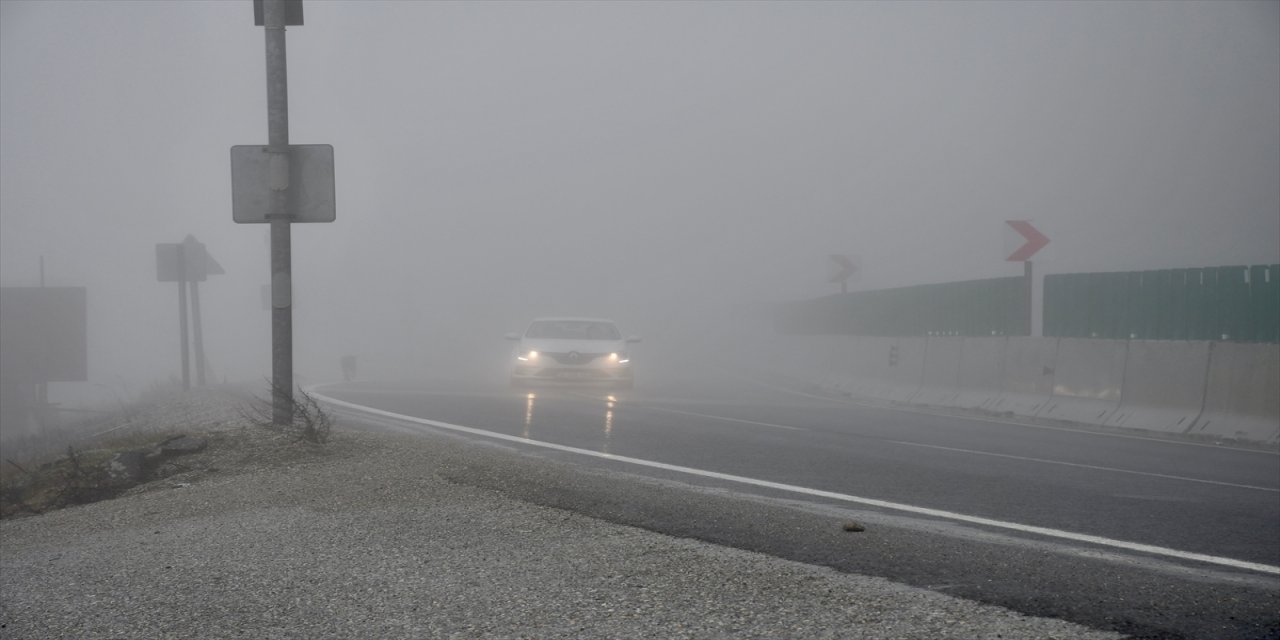 Anadolu Otoyolu ve D-100 kara yolu Bolu Dağı kesiminde sis etkili oluyor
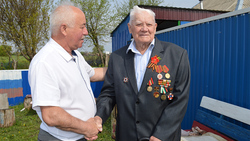 Глава Краснояружского района поздравил на дому участников Великой Отечественной войны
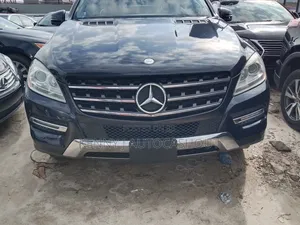 Mercedes-Benz M Class 2012 Black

> _The task_:
Print the lines from the one that contains "Глава Краснояружского района" through the final line of the material above, exactly and only those, with pictures left out.

> _Your response_:
 Глава Краснояружского района поздравил на дому участников Великой Отечественной войны
 Mercedes-Benz M Class 2012 Black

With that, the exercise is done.